Published February 07, 2007 10:32 am - John Mullen, who calls himself “The Village Idiot” wrote a column in the Jan. 22, Port Arthur News. It was titled, “Life’s A Big Gamble.” He confesses to losing lots of money at Las Vegas by gambling. ...
Life not a gamble
Paul Burris
The Port Arthur News
John Mullen, who calls himself “The Village Idiot” wrote a column in the Jan. 22, Port Arthur News. It was titled, “Life’s A Big Gamble.” He confesses to losing lots of money at Las Vegas by gambling.
At the risk of being accused of having a “Superior Twinge,” as Mullen puts it, I disagree that “Life Is A Big Gamble.”

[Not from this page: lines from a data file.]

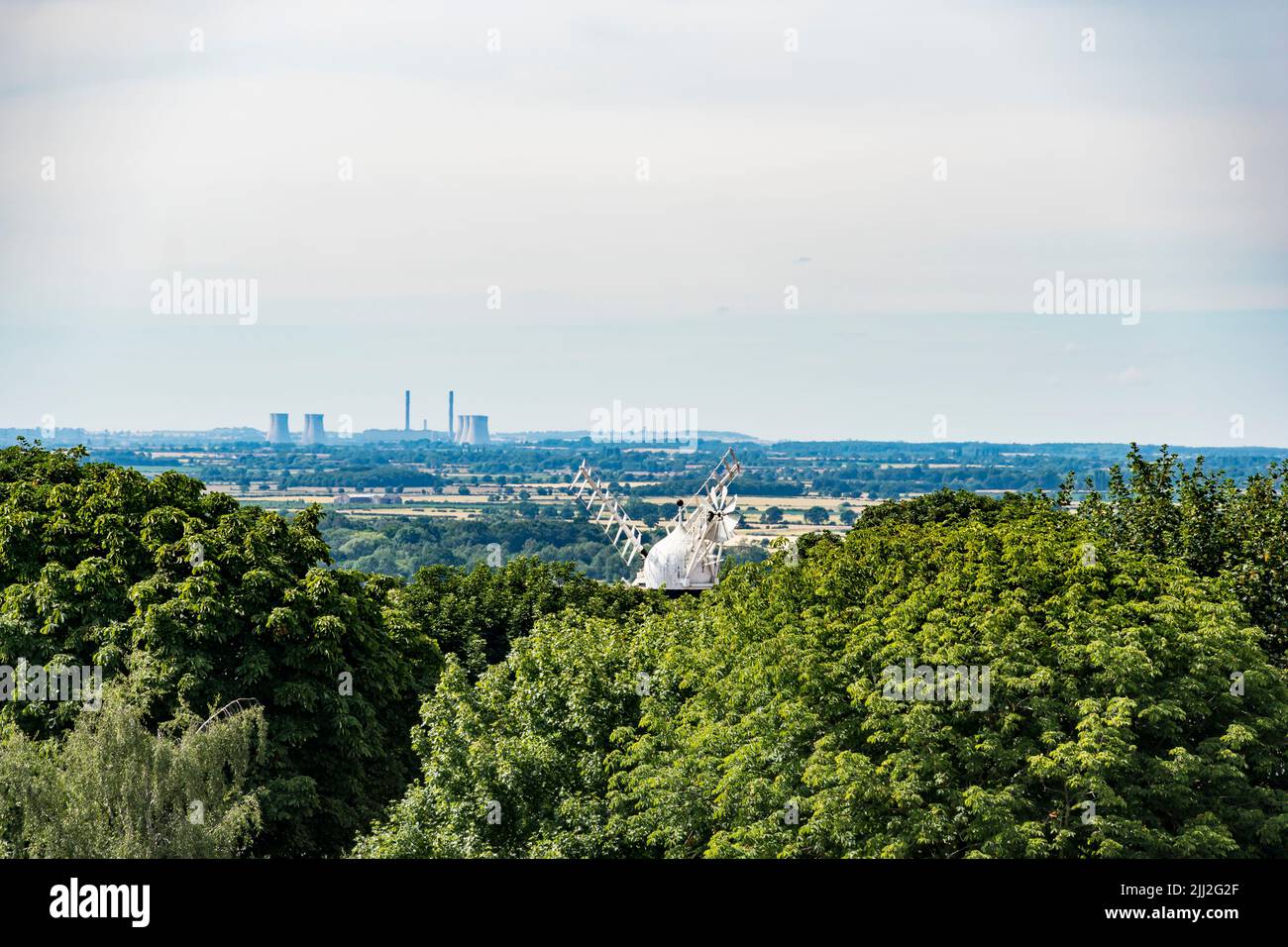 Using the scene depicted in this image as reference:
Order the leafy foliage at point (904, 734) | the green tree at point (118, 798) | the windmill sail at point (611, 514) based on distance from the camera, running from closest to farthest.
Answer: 1. the green tree at point (118, 798)
2. the leafy foliage at point (904, 734)
3. the windmill sail at point (611, 514)

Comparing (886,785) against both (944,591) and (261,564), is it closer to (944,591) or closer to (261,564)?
(944,591)

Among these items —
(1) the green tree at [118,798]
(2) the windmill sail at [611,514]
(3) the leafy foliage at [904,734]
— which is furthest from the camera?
→ (2) the windmill sail at [611,514]

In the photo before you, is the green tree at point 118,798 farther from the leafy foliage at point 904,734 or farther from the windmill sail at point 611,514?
the windmill sail at point 611,514

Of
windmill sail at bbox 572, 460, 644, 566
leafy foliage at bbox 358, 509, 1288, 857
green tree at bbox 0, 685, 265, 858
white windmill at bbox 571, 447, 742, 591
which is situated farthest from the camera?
windmill sail at bbox 572, 460, 644, 566

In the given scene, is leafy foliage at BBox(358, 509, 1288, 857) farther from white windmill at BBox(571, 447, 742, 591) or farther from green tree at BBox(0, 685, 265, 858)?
white windmill at BBox(571, 447, 742, 591)

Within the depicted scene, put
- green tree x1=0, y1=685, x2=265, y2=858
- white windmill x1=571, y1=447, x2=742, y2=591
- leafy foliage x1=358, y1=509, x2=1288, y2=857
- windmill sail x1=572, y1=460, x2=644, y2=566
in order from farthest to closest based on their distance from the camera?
windmill sail x1=572, y1=460, x2=644, y2=566, white windmill x1=571, y1=447, x2=742, y2=591, leafy foliage x1=358, y1=509, x2=1288, y2=857, green tree x1=0, y1=685, x2=265, y2=858

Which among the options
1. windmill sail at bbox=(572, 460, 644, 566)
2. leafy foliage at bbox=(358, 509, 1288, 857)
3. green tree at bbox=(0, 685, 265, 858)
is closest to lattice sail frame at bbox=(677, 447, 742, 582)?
windmill sail at bbox=(572, 460, 644, 566)

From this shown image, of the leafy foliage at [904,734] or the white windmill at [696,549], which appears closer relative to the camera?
the leafy foliage at [904,734]

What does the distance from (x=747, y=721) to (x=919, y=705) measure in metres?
4.02

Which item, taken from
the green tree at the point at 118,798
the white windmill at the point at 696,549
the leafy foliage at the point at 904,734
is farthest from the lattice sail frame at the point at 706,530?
the green tree at the point at 118,798

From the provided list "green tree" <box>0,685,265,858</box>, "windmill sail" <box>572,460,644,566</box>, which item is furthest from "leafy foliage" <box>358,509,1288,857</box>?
"windmill sail" <box>572,460,644,566</box>

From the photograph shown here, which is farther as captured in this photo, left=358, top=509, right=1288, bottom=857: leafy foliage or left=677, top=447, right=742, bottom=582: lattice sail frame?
left=677, top=447, right=742, bottom=582: lattice sail frame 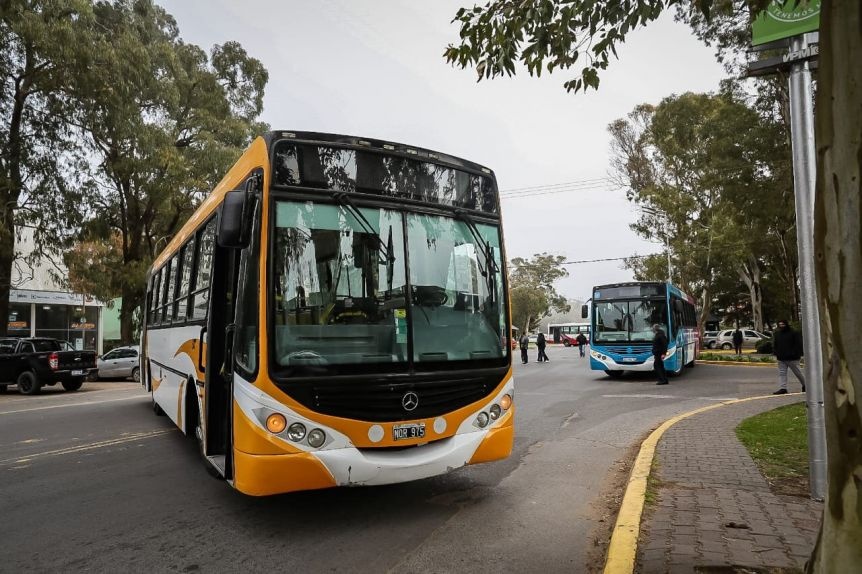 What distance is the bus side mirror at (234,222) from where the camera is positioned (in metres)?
4.64

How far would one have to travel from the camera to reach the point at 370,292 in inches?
189

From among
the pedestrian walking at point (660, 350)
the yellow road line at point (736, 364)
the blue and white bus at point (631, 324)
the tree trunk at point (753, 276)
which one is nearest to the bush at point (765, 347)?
the tree trunk at point (753, 276)

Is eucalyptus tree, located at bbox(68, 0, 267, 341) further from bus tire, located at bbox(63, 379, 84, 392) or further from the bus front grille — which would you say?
the bus front grille

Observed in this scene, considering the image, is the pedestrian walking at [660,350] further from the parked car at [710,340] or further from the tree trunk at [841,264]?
the parked car at [710,340]

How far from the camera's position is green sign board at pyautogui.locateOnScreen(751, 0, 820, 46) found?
4.83 metres

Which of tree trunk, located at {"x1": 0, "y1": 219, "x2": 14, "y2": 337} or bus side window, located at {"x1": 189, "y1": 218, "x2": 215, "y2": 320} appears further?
tree trunk, located at {"x1": 0, "y1": 219, "x2": 14, "y2": 337}

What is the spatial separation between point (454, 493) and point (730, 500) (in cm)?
239

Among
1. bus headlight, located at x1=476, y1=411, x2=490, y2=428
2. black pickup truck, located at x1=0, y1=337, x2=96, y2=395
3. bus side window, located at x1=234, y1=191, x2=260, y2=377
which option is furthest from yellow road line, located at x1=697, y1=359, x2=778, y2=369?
black pickup truck, located at x1=0, y1=337, x2=96, y2=395

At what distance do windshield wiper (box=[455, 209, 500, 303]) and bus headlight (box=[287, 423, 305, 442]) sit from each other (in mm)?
2103

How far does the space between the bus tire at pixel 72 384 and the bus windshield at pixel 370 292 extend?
17.5 meters

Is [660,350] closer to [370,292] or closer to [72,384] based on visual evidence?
[370,292]

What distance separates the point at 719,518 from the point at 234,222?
14.3ft

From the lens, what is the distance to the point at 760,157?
18.6m

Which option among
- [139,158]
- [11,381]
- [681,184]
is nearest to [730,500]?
[11,381] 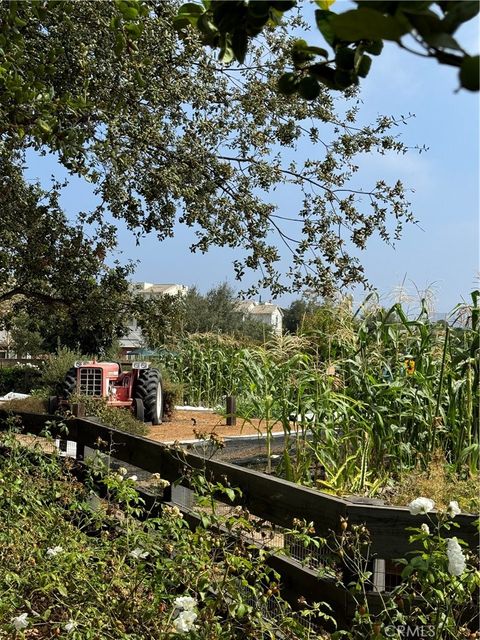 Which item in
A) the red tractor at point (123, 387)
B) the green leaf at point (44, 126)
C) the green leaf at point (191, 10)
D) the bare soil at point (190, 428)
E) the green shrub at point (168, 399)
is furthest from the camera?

The necessary things in this life are not a gamble. To explain the nuance, a gamble is an unnecessary risk. Life is a necessary risk. For example, we drive to work every day, traveling over the most dangerous places in our country (our streets and highways). This is necessary: “If any would not work, neither should he eat.”
Mullen then also seeks to justify gambling by reference to other foolish ways of spending money. That does not hold water.
Isaiah asks the rhetorical question, “Wherefore do ye spend money for that which is not bread? And your labor for that which satisfied not?” He then adds, “. . . Hearken diligently unto me, and eat ye that which is good. And let your soul delight itself in fatness.”
Gambling has a cause. That cause is covetousness. A desire to take from another what belongs to him, but without working for it. And that is the definition of stealing.
Paul The Tentmaker wrote, “Let him that stole steal no more: but rather let him labor, working with his hands the thing that is good, that he may have to give to him that needeth.”